(RECORDS FOR THE EXERCISE)

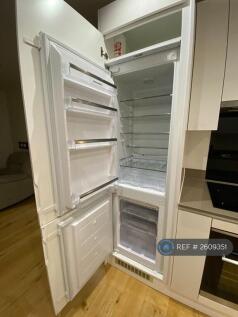 Build-In Fridge/Freezer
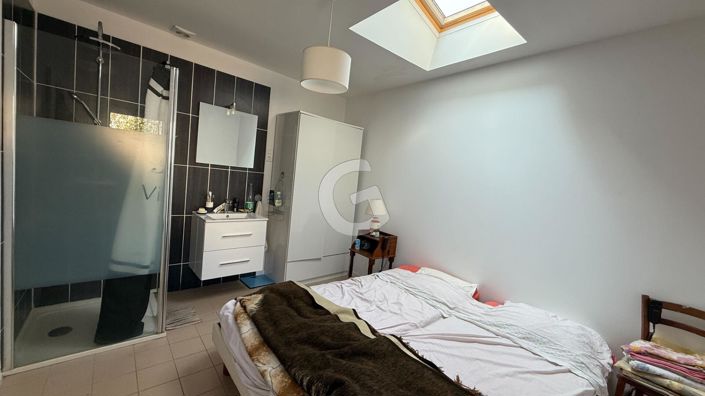 Image No.6-3 Bed House for sale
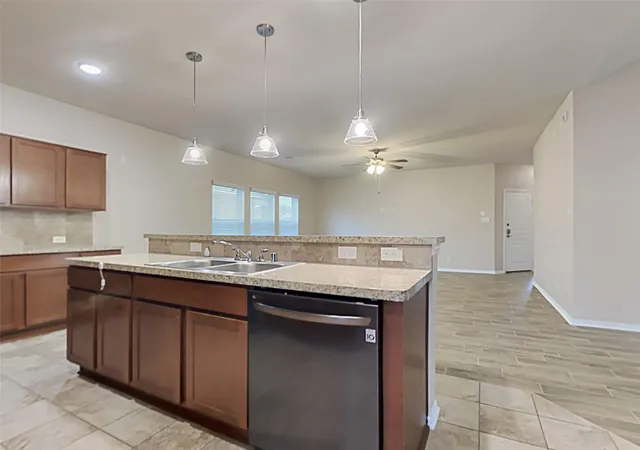 Photo 3 of Single family home for sale at 31218 Roos River Rd, Hockley, TX 77447 | MLS# 55954966 | Listing updated on 2026-10-16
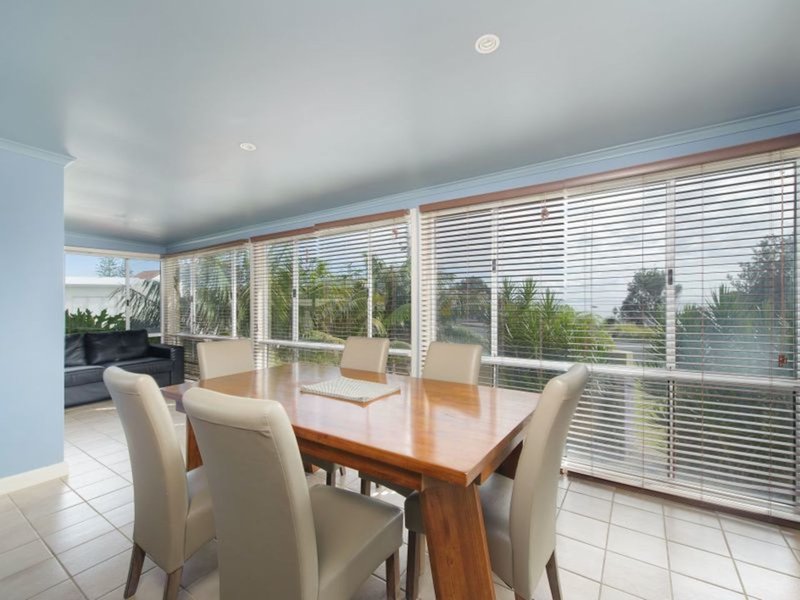 Photo - 1/75 Pacific Drive, Port Macquarie NSW 2444 - Image 3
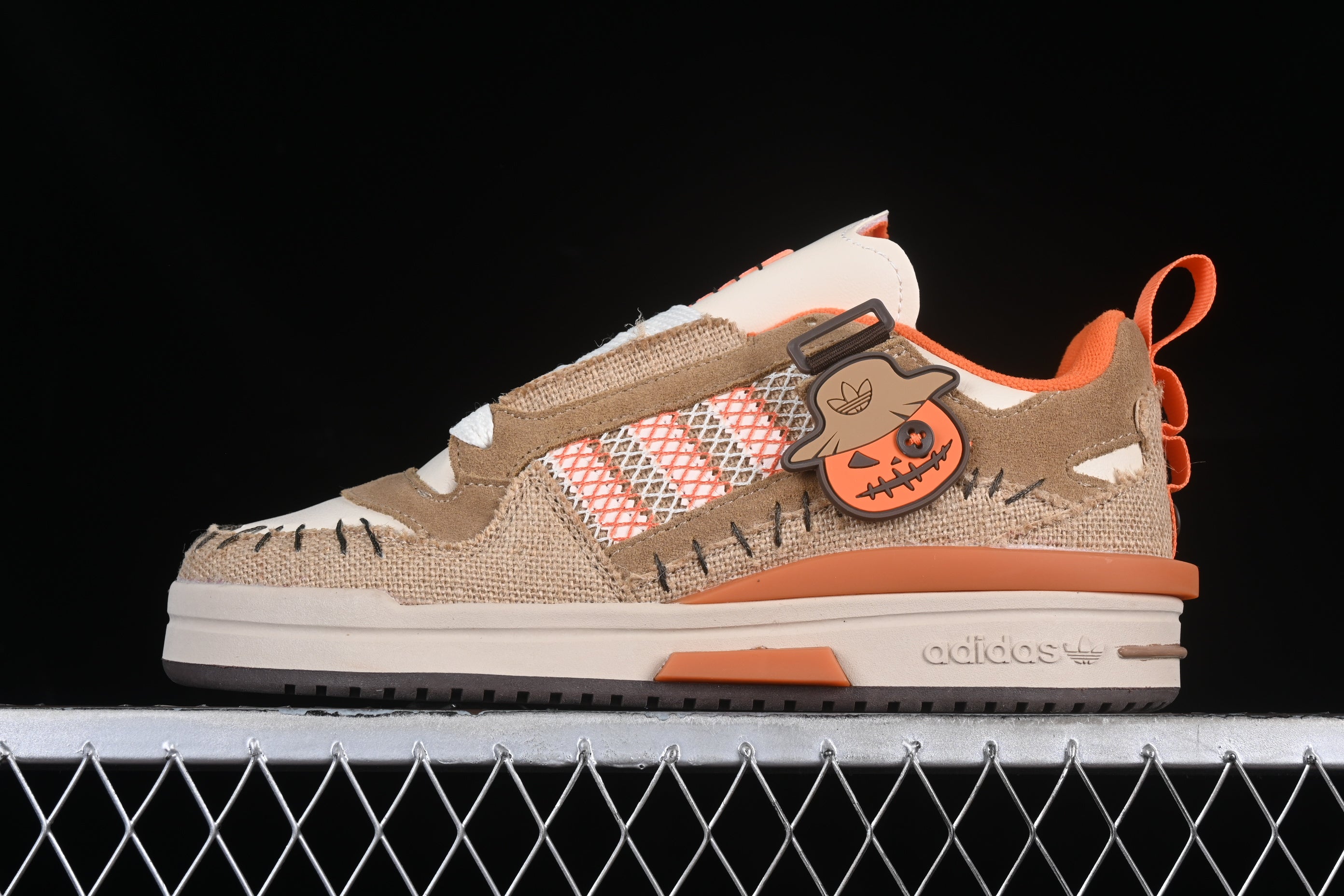 adidasMens Forum Low - Halloween
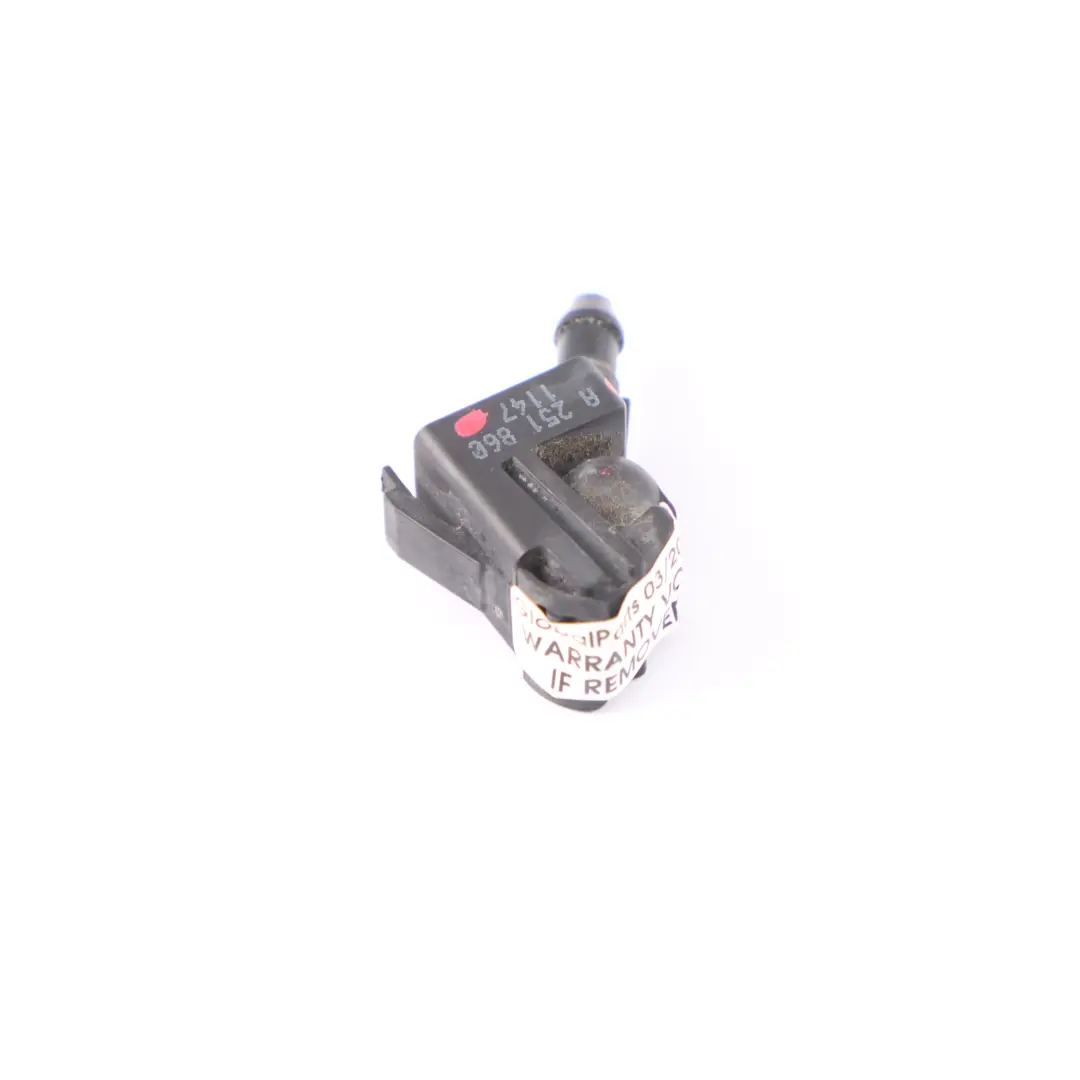  Buse de lavage Mercedes W251 Buse centrale de lavage de pare-brise - SKU A2518601147 - Numéro de pièce A2518601147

(End RECORDS FOR THE EXERCISE)

__PROBLEM__. Only the lines from the one containing "Photo 3 of Single" through the end of the records should be copied, exactly and with both ends included; the pictures should not.

__RESPONSE TO THE TASK__.
 Photo 3 of Single family home for sale at 31218 Roos River Rd, Hockley, TX 77447 | MLS# 55954966 | Listing updated on 2026-10-16
 Photo - 1/75 Pacific Drive, Port Macquarie NSW 2444 - Image 3
 adidasMens Forum Low - Halloween
  Buse de lavage Mercedes W251 Buse centrale de lavage de pare-brise - SKU A2518601147 - Numéro de pièce A2518601147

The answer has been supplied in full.